Start of Exercise data

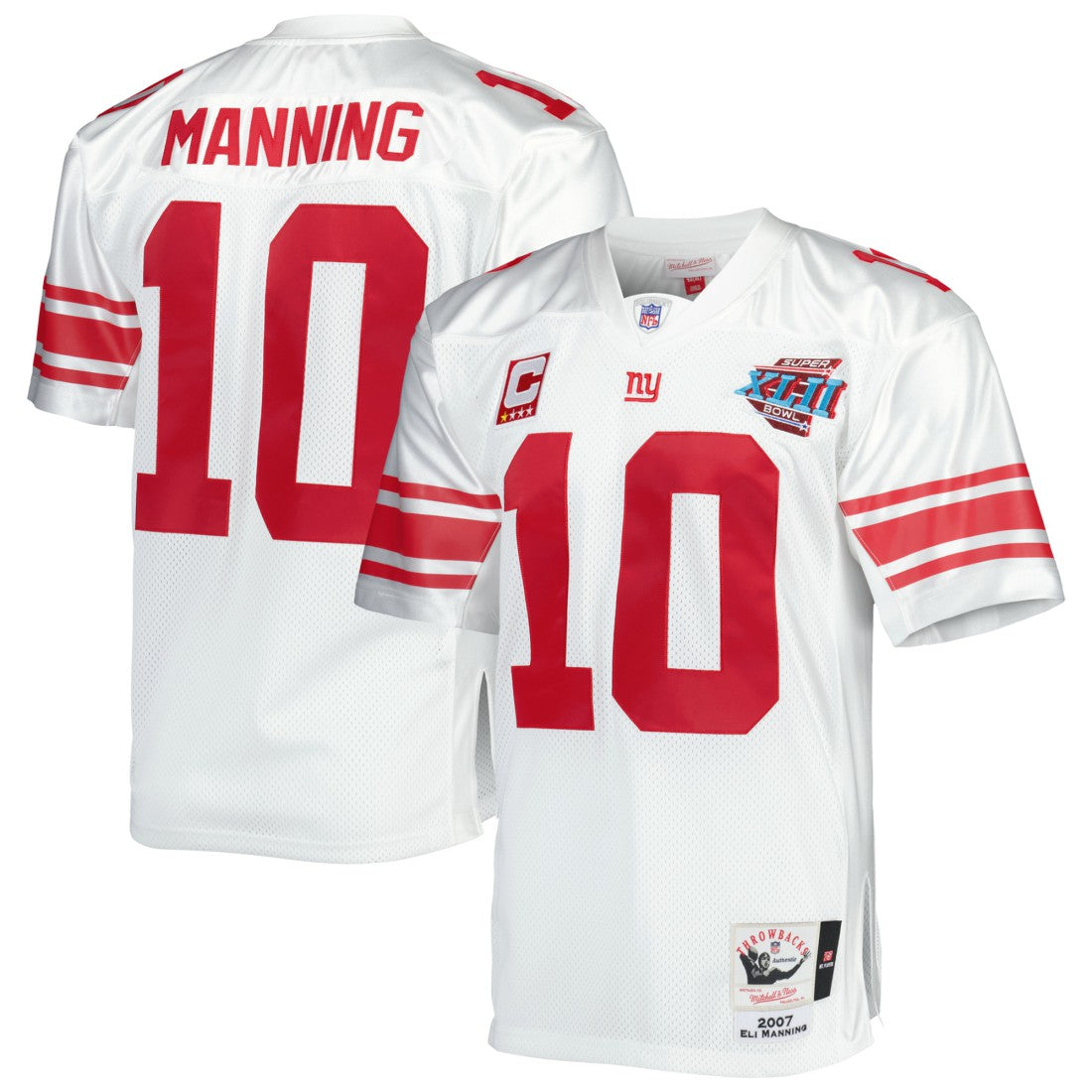 Eli Manning New York Giants 2007 Authentic Throwback Retired Player Jersey White - Mitchell & Ness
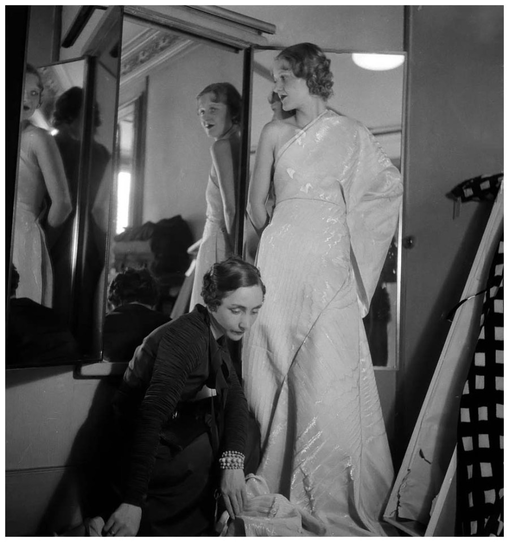 Madame Grès is creating an evening gown for Macy’s, Paris, August 1933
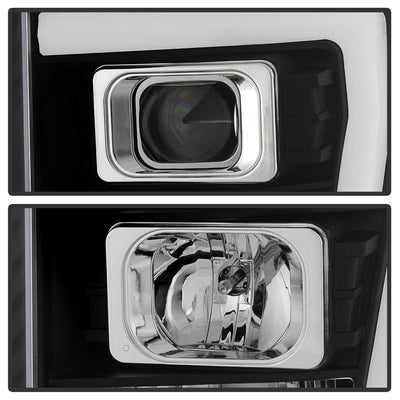 Version 2 Black Light Bar DRL Projector Headlights <br>11-16 Ford F-250 F-350 F-450 Super Duty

End of Exercise data

▶ _What you should do_
Reproduce the lines above, exactly and exclusively, from the line containing "Madame Grès is" down to the last line, both included; pictures are not part of the copy.

▶ _The completed task_
 Madame Grès is creating an evening gown for Macy’s, Paris, August 1933
 Version 2 Black Light Bar DRL Projector Headlights <br>11-16 Ford F-250 F-350 F-450 Super Duty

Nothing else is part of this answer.